How to Reduce Noise in Sphinx4 application

2019-03-06 00:30发布

问题:

I am new to sphinx4 and speech recognition thing. I am creating a speech application by using sphinx4. The issue is noise, which results in recognition by program even without speech input by user ie it is converting speech to text even when there is no speech input by user, thus affecting accuracy.

Main issue is how to implement noise reduction. This is because the system detects input even when I dont speak anything into the microphone. So I guess its because of noise.

I checked online for noise reduction but there is hardly clear information about the same. Though there is some information over internet about file named Denoise.java which comes with sphinx4. But it is not there in sphinx4-1.06.

Another file is WienerFilter.java, wienerfilter is type of filter used for noisy signals. But no instructions for using or implementing that file.

I have already added few more words to hello.gram which is the grammar file for the program. The phonetic representation of those extra words, generated by Imtool, has been added to the dictionary.

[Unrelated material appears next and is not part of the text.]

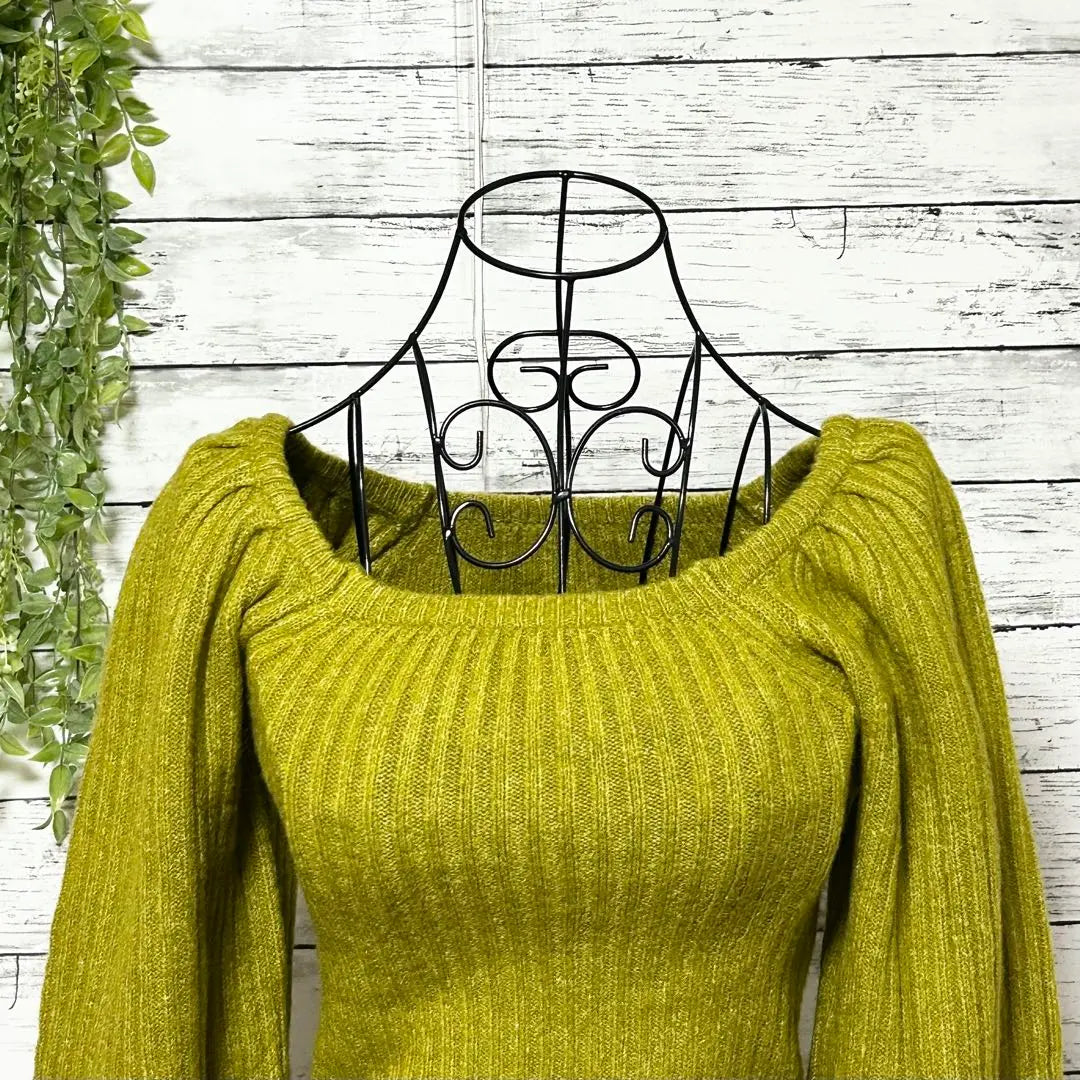 A1127 GRL Olive Green Ribbed Knit Long Sleeve Off Shoulder S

I am using eclipse and sphinx4-1.0beta6

Though there is one question on stack overflow on "HOW TO ACITIVATE NOISE CANCELLATION " IN SPHINX4 but that has not been answered yet

回答1:

Static noise cancellation with spectral subtraction is enabled by default in latest version sphinx4-5prealpha. You do not need to do anything special, just use the latest version.

Follow the tutorial:

http://cmusphinx.sourceforge.net/wiki/tutorialsphinx4

Extra speech is ignored in latest version if you are using grammar decoding, not large vocabulary decoding with language model. If you use grammar decoding it should ignore all the words in the grammar. For words not in the grammar it should return a special word <unk>.

Accuracy debugging is a complex process and requires a test recording to reproduce accuracy problems. Without test recording it is hard to suggest you how to improve accuracy. Beside test recording you need to provide models you use in decoding and other information to reproduce your results.